Симеон Богослов, или Новый Богослов (его прозвище по-разному передается рукописной традицией[932]
), родился в 949 г. в Пафлагонии в знатной семье. Юношей он переехал в Константинополь и поступил на государственную службу, скоро достигнув положения члена синклита. В своих сочинениях Симеон постоянно возвращается к картинам дворцовой жизни, и вельможа в блестящих одеяниях, получающий приказы из уст василевса, кажется ему счастливейшим из смертных. И все-таки Симеон бросил административную карьеру и сделался монахом, а затем игуменом монастыря св. Мамы. Монашество не стало для Симеона бегством от мирских забот — напротив, он был втянут в острую борьбу: сперва с подчиненными ему монахами, недовольными теми дисциплинарными строгостями, которые вводил Симеон; затем — с окружением патриарха, не желавшего примириться с самовольством игумена св. Мамы. Около 1009 г. Симеон по требованию патриарха должен был оставить свой монастырь и удалиться из столицы в Христополь. Правда, на защиту Симеона поднялись многие видные синклитики, и патриарху пришлось кое в чем уступить, но назад Симеон уже не вернулся: он основал новый монастырь в пригороде Константинополя на обильные средства, полученные от «архонтов». В 1022 г. он умер[933].Сущность учения Симеона заключалась в признании возможности для человека реально, чувственно достигнуть божества: подобно тому, как некогда Логос воплотился в человеке, троица может снизойти до верующего[934]
. Бог создал два мира: видимый и невидимый — и соответственно два солнца: чувственное и умственное; видимый мир освещается чувственным солнцем, невидимый — умственным, и нет между ними никакого взаимопроникновения. Только одно существо, человек, создано двойственным, состоящим из тела и бесплотной души и потому способным воспринять оба солнца. В отличие от неоплатоников, для которых восхождение человека к божественному уму есть бегство от плоти и от чувственного мира, Симеон говорит о нисхождении божества к человеку в его нынешней реальности. Что же нужно для воспитания в себе способности реально увидеть божество? Симеон выдвигает ряд этических требований, предназначенных для выработки в себе соответствующего состояния: это постоянное ощущение страха божьего, строжайшее послушание, ясность веры и абсолютный индивидуализм. «Да не разрушишь ты свой дом, — провозглашает Симеон, — стремясь помочь ближнему возвести жилище». Все эти этические нормы вполне соответствовали нравам византийского двора с его раболепием и деспотизмом.Симеон был вместе с тем ревностным сторонником монашества, противопоставляя эту организацию остальной церкви. Он утверждал, частности, что право исповеди должно принадлежать монахам, а не священникам. Симеон невысоко ставил книжную ученость: он смеялся над мнимыми мудрецами, рассчитывающими с помощью математики познать божественные тайны; он называл их глупцами, утверждая, что истинно просветленному нет нужды в книгах.

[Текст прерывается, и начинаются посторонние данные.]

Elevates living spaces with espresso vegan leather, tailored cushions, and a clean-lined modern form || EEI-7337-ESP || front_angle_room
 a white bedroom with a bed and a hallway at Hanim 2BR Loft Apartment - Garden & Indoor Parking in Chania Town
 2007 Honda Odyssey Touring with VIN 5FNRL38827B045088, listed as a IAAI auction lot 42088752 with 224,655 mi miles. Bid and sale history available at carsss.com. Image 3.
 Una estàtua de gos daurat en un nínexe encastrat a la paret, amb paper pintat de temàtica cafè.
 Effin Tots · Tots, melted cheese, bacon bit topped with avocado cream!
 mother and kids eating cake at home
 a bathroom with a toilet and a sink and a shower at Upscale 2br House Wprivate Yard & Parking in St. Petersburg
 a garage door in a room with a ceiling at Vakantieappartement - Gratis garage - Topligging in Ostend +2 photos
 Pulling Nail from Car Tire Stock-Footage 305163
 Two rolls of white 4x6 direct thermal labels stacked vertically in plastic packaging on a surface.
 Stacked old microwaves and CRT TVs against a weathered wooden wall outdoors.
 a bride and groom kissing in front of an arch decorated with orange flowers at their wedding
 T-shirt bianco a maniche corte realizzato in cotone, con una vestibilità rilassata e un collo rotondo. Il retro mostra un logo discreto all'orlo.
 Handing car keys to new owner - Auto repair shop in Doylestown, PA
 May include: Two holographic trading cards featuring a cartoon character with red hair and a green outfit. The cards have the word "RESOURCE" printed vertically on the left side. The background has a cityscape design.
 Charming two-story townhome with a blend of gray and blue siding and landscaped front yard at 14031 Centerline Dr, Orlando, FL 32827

Мистицизм Симеона не получил сколько-нибудь серьезного развития в богословии XI–XII вв. Оживление научной деятельности и возникновение рационалистических тенденций затронуло и богословие; этические проблемы, занимавшие Симеона, отодвинулись на задний план, а в центре внимания оказалась проблема сущности божества. Как к квадратуре круга или к перпетуум мобиле, человеческая мысль вновь и вновь устремлялась к тринитарной загадке: что такое троица и каково соотношение ее ипостасей?
Богословские споры в Византии XII в. в известной мере соответствовали тем дискуссиям, которые вызвал к жизни в то же самое время схоластический рационализм Росцеллина и Абеляра. В Византии они были порождены выступлением Евстратия Никейского, ревностного сторонника Алексея I, отстаивавшего интересы императора и в дискуссиях с богомилами, и в деле о конфискации церковных сокровищ[935]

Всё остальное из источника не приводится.